■ **Prompt**
Go to the line below that has "Jewelco London Women's", print it and each line after it exactly, and stop after the line that has "Living Spaces Gray Sectional Sofa Couch Sala"; leave out pictures.

■ **Data records**
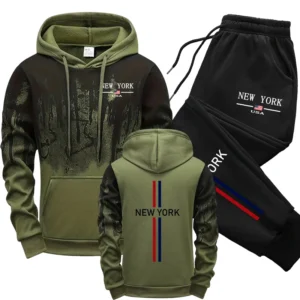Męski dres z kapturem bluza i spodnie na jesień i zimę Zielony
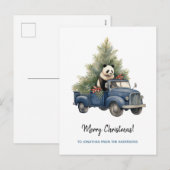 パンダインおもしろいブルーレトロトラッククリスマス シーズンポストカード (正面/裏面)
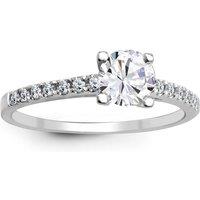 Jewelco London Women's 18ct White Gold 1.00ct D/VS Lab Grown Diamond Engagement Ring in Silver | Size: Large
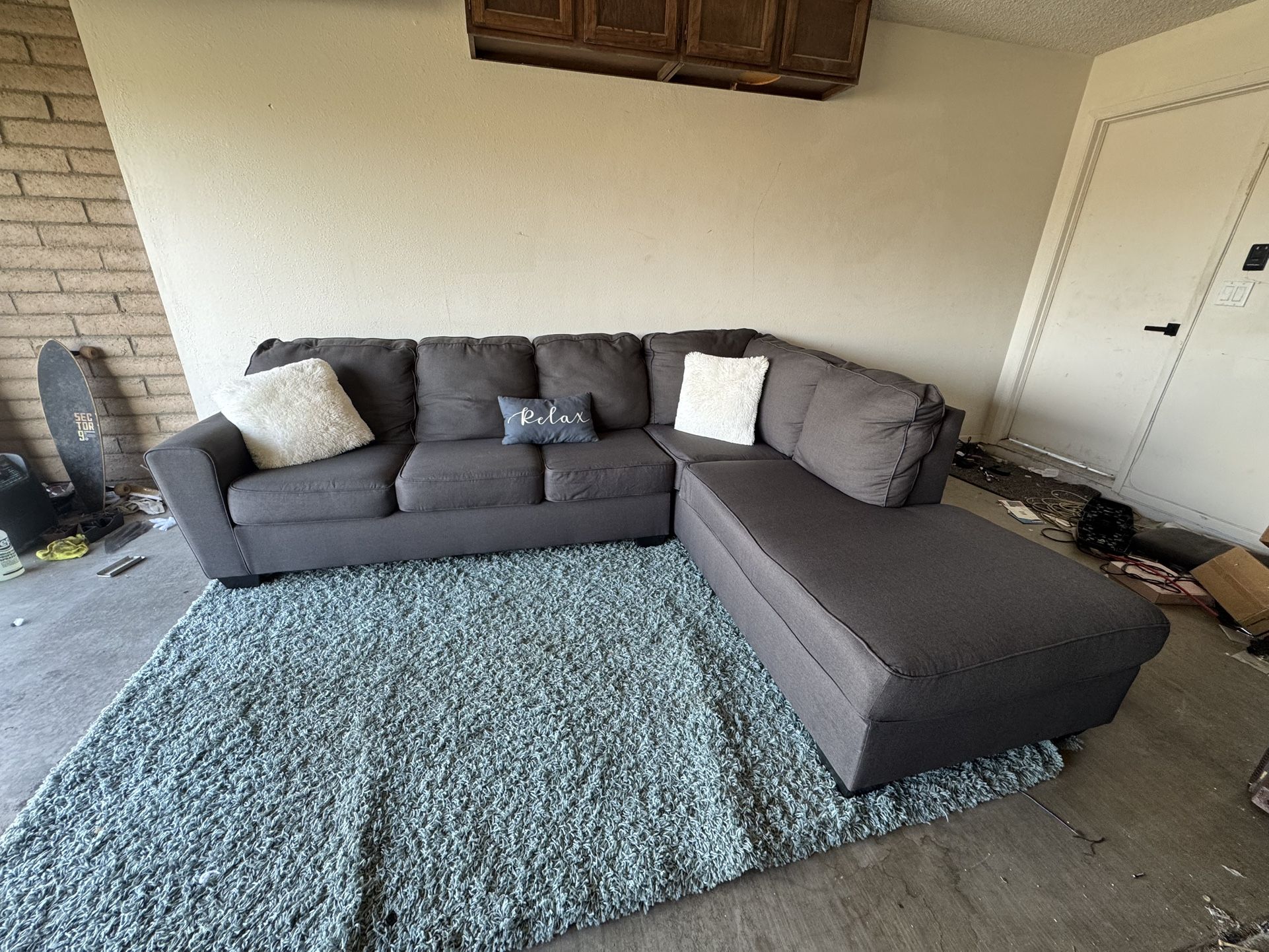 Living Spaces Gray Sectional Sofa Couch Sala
...
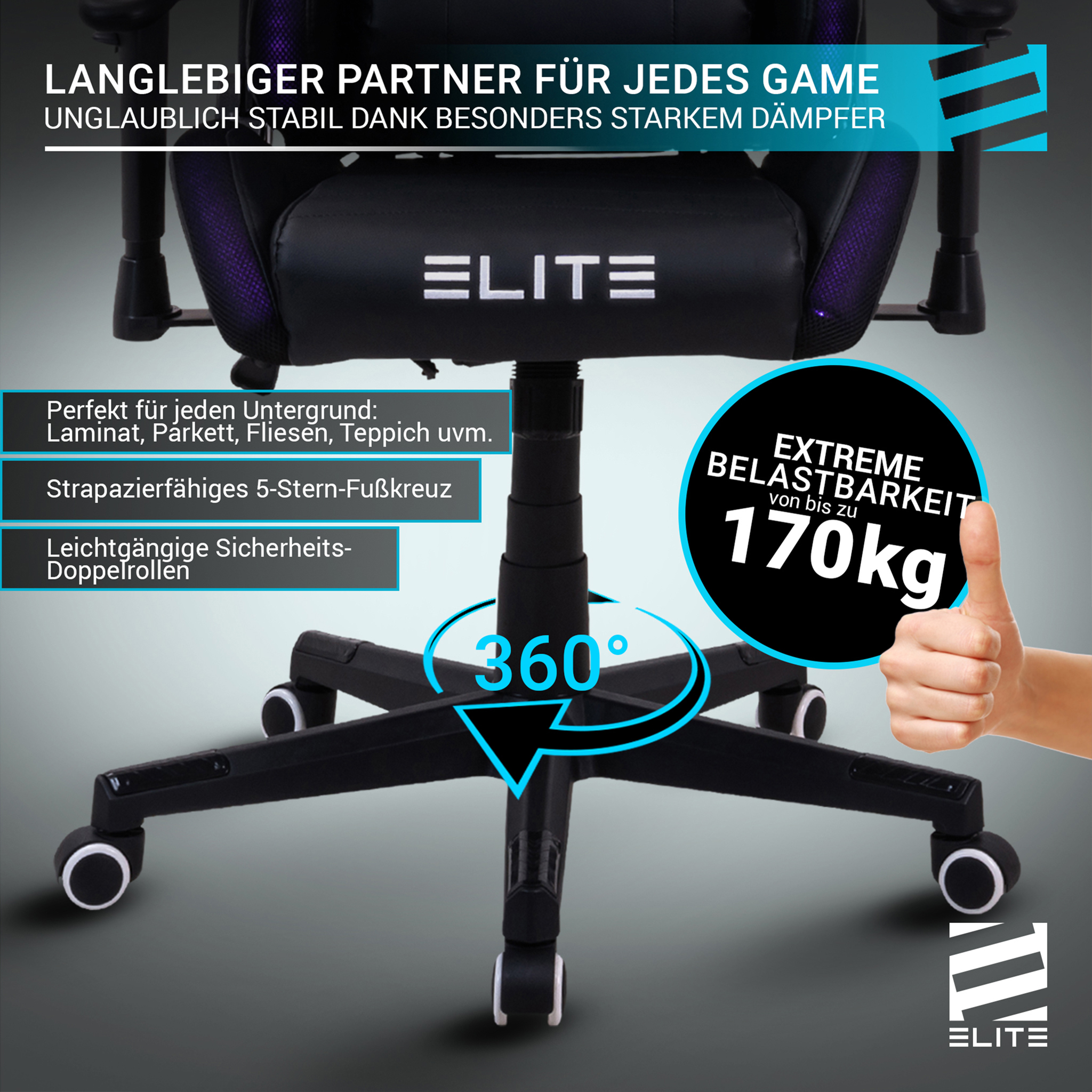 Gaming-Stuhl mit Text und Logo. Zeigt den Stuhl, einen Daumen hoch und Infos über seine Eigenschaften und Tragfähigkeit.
---
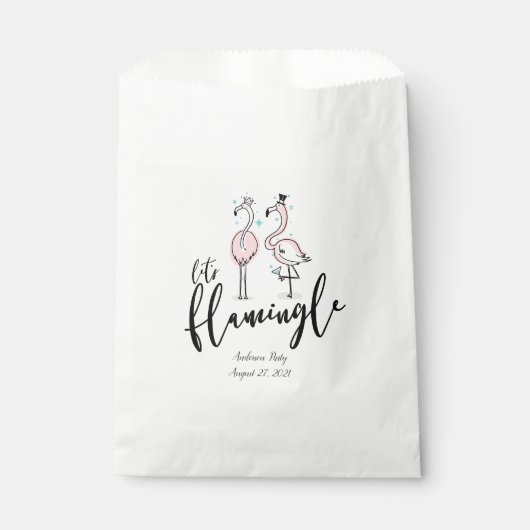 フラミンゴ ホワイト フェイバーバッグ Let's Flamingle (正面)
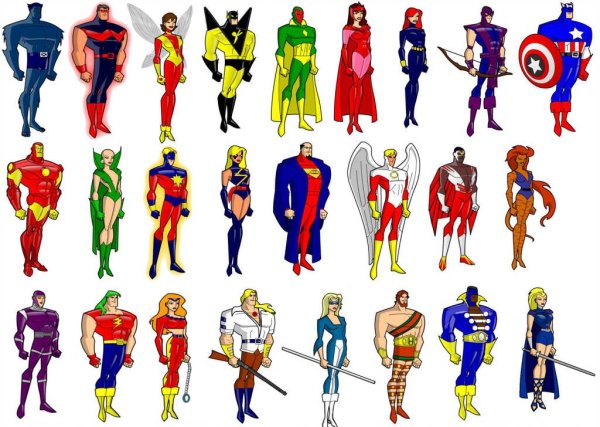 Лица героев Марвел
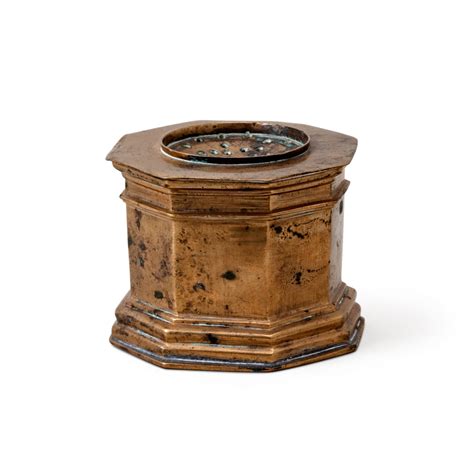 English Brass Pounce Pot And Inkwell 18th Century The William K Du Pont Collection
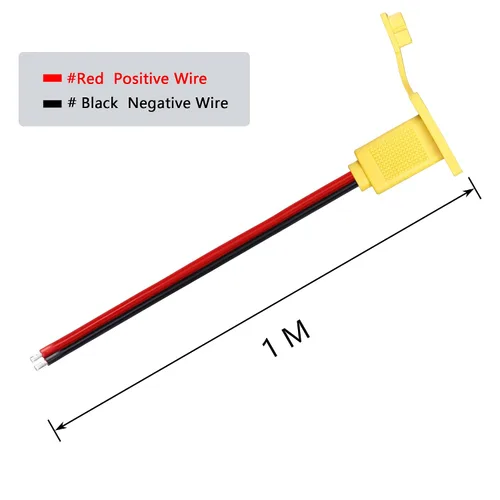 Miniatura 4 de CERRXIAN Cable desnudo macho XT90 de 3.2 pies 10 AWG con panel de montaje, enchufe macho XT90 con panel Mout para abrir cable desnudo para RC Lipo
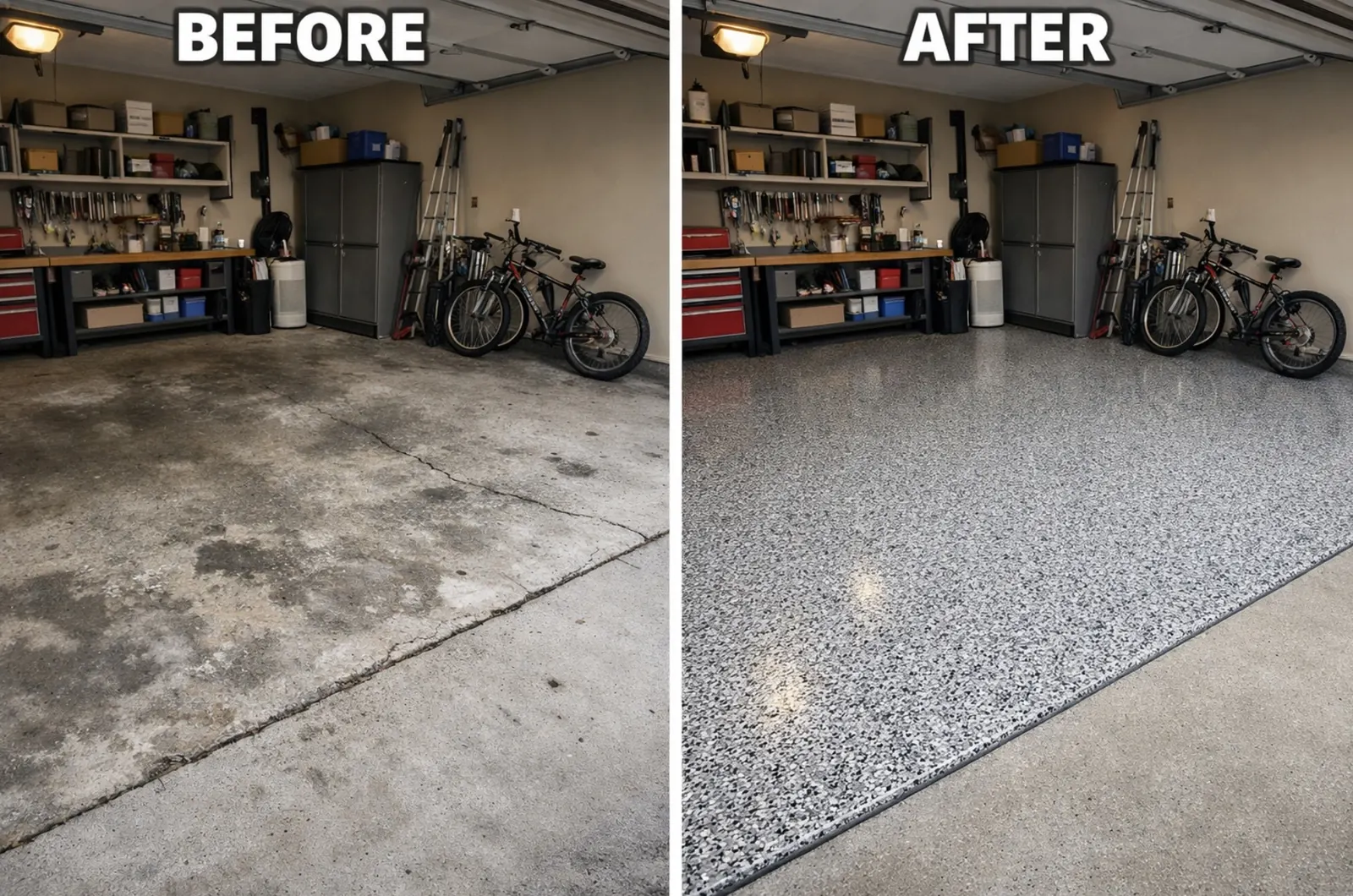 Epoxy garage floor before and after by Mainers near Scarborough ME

■ **Answer space**
 Jewelco London Women's 18ct White Gold 1.00ct D/VS Lab Grown Diamond Engagement Ring in Silver | Size: Large
 Living Spaces Gray Sectional Sofa Couch Sala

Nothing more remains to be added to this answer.